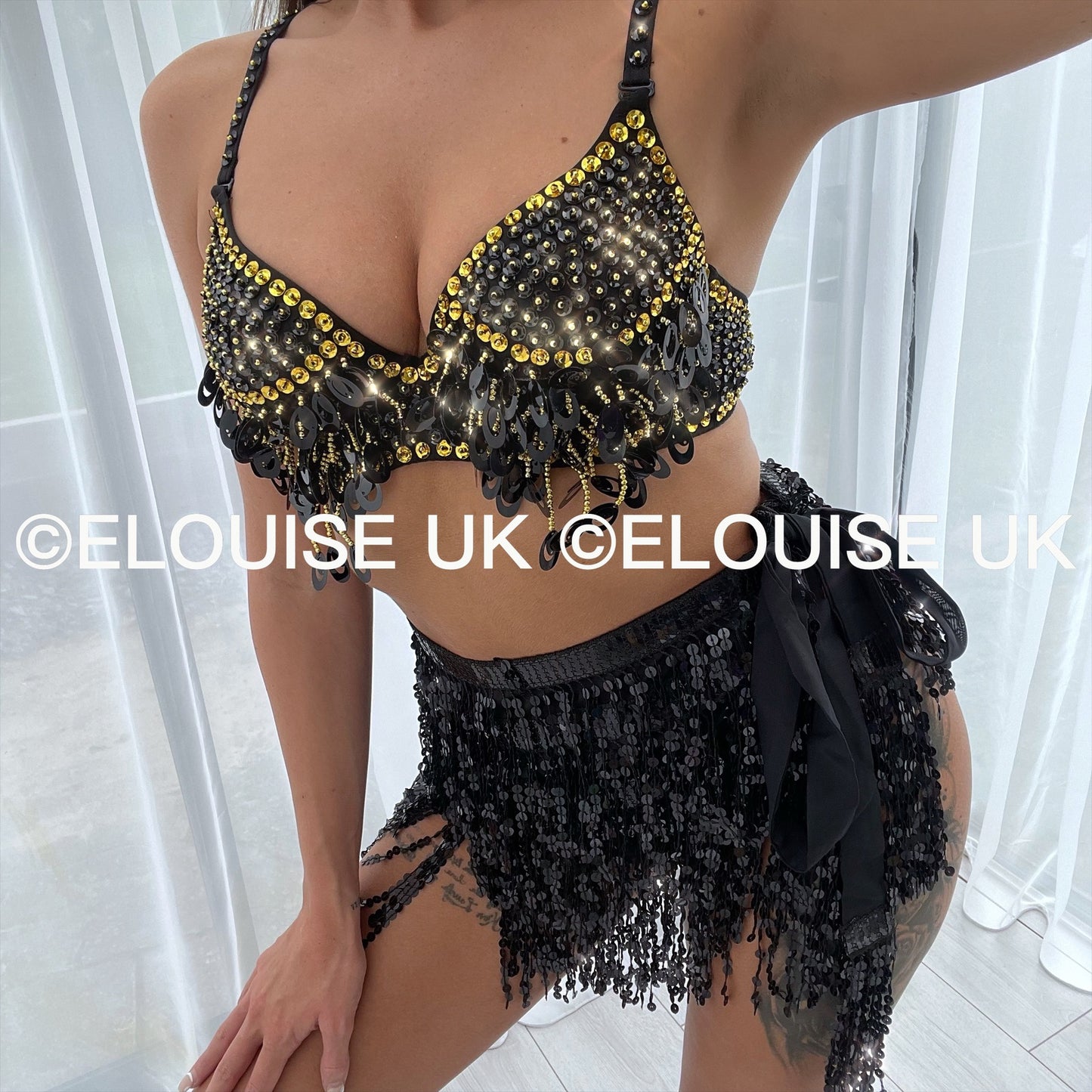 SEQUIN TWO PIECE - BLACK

==

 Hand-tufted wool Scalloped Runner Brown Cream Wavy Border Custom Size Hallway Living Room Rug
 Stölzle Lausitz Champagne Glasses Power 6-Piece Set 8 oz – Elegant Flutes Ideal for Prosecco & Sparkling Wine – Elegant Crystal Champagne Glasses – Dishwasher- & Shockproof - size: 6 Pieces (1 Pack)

--- Exercise prompt ---
Print exactly the lines of the listing above starting at the line containing "Hand-tufted wool Scalloped" and ending at the line containing "Stölzle Lausitz Champagne", both included.

--- Solution to the exercise ---
 Hand-tufted wool Scalloped Runner Brown Cream Wavy Border Custom Size Hallway Living Room Rug
 Stölzle Lausitz Champagne Glasses Power 6-Piece Set 8 oz – Elegant Flutes Ideal for Prosecco & Sparkling Wine – Elegant Crystal Champagne Glasses – Dishwasher- & Shockproof - size: 6 Pieces (1 Pack)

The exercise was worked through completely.